When it comes to the findings of an exposure assessment, numbers alone often do not tell the whole story since valuable information such as trends (e.g. dose-response relationships) often require some visual representation. Investigators must identify the most meaningful way to communicate the story being told by the data. One of the key considerations when presenting data is to ensure that specific objectives and aims have been identified (the design portion of the study) and that any analyses performed addresses those objectives.

The following are some common ways data may be evaluated and subsequently presented in exposure assessments. For more information, you may view a module on data presentation.

#### Distribution

Frequency distribution tables can be used to display the frequency of various outcomes in a sample. The goal in presenting the distribution of the data is to show the number of observations of a variable for a given interval. A common visual representation of the distribution is a histogram shown below.

#### Time Series

A time series consists of a sequence of data points that generally consists of continuous data over a given time interval. When data is collected for a given variable over a period of time, such data can be presented by a line chart as shown below. Line charts that accompany times series data often depict a best-fit trend.

#### Summary Statistics

This consists of descriptive statistics that are used to summarize a set of observations. It is often used to communciated the largest amount of information as simply as possible and includes the following: location, spread, and dependence. This includes things like the arithmetic mean, median, standard deviation, range, shape of distribution, and a measure of statistical dependence (e.g. correlation coefficient) if more than one variable is present.
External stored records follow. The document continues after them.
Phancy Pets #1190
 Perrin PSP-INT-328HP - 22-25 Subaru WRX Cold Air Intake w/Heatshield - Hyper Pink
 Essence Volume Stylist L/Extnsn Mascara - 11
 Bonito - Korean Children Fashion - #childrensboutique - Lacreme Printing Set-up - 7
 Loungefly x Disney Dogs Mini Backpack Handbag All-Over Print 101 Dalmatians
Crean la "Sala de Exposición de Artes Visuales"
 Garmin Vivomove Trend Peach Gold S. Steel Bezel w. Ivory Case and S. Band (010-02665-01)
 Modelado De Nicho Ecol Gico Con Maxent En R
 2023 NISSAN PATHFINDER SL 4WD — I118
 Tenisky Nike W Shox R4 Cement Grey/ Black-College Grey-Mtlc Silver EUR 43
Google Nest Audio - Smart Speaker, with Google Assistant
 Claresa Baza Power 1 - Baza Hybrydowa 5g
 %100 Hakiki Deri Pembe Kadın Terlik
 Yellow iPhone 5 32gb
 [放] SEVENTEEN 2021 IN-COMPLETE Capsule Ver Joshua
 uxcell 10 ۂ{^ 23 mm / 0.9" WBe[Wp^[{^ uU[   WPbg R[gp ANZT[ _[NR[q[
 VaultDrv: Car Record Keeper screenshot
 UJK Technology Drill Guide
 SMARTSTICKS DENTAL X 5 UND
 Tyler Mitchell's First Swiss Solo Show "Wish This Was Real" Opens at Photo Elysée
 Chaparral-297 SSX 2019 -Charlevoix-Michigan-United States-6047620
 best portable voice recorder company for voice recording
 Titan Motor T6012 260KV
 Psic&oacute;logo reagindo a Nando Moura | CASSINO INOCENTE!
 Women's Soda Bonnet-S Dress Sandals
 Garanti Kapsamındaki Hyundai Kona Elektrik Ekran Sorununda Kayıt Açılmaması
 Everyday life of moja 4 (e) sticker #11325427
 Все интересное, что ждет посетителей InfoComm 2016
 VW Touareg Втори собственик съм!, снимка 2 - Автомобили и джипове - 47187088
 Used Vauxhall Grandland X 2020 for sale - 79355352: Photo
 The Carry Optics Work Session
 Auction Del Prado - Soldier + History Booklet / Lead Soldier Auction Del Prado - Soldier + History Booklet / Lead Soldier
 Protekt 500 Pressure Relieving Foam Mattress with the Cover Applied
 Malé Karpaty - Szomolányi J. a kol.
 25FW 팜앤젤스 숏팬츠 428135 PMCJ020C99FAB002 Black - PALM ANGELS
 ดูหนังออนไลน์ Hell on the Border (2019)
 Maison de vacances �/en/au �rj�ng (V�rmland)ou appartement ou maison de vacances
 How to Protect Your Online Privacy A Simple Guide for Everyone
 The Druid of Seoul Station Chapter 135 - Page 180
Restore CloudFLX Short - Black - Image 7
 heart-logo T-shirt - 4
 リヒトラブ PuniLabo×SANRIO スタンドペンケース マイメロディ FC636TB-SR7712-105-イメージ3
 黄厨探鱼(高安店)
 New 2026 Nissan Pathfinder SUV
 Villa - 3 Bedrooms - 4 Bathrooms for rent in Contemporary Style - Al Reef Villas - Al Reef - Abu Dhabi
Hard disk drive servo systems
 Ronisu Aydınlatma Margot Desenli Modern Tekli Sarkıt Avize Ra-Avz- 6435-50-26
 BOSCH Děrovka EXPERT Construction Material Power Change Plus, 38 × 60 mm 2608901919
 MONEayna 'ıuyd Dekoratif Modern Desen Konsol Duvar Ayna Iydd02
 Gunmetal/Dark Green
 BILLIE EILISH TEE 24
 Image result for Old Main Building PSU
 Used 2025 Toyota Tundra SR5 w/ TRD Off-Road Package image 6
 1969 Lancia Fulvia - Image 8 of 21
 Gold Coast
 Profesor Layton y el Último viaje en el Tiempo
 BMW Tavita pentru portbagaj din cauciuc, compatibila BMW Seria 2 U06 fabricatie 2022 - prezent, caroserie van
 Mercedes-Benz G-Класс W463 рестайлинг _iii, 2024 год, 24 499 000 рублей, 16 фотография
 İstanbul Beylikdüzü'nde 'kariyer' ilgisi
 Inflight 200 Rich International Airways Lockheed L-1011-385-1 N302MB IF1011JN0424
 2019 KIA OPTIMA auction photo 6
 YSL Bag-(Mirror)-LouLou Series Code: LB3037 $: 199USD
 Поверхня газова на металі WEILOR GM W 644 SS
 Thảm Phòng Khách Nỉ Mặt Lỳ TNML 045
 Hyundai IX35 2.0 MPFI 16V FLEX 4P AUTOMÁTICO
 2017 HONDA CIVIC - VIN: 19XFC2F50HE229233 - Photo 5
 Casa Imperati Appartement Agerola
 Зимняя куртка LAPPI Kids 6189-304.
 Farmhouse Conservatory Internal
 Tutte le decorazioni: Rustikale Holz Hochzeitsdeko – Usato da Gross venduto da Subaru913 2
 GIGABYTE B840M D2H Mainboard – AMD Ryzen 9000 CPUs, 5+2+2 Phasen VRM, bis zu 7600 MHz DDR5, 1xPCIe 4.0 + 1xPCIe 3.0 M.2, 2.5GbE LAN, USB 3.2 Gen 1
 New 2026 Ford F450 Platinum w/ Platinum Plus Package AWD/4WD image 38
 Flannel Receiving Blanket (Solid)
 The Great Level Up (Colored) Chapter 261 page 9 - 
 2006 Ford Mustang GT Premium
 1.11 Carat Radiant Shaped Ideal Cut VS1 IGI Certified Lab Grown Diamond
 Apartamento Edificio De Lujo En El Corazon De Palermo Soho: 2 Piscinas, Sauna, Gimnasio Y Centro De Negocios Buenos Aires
Summary Statistics Source: Zwack, Leonard M et al. *Modeling Spatial Patterns of Traffic-Related Air Pollutants in Complex Urban Terrain*

#### Correlation Data

Scatterplots are a common graphical display used to illustrate the relationship (correlation) between two variables. A correlation coefficient is often calculated to measure the strength and direction of the linear relationship between two variables. Shown below are two scatterplots in which the correlation is stronger on the right and positive, whereas the graph on the left shows a weaker correlation that happens to be negative.

#### Exposure Indices

Exposure indices can be helpful in establishing a dose-response relationship since many levels or a range of exposure can be assessed. Exposure indices can be classified such as by job category or they can be presented by quantitative values that take into consideration more than one factor. Shown below is an example in which exposure indices are established based on which quintile of exposure to air pollutants NO_{2} and PM_{2.5} a given case belongs.

Image Source: Cesaroni, Giulia et al. *Long-Term Exposure to Urban Air Pollution and Mortality in a Cohort of More than a Million Adults in Rome*.

#### Log Transformation

Data transformations in which data points are replaced with their log value. Such transformations are useful when values range over several orders of magnitude, and when the data is widely distributed or skewed. Another reason for log transforming is to establish a more linear relationship for the purposes of logistic or linear regression analyses.

#### Regression Analysis

Regression analysis is a statistical process for measuring relationships among variables. Regression analysis generally helps to assess the relationship between a dependent variable and one or more independent variables.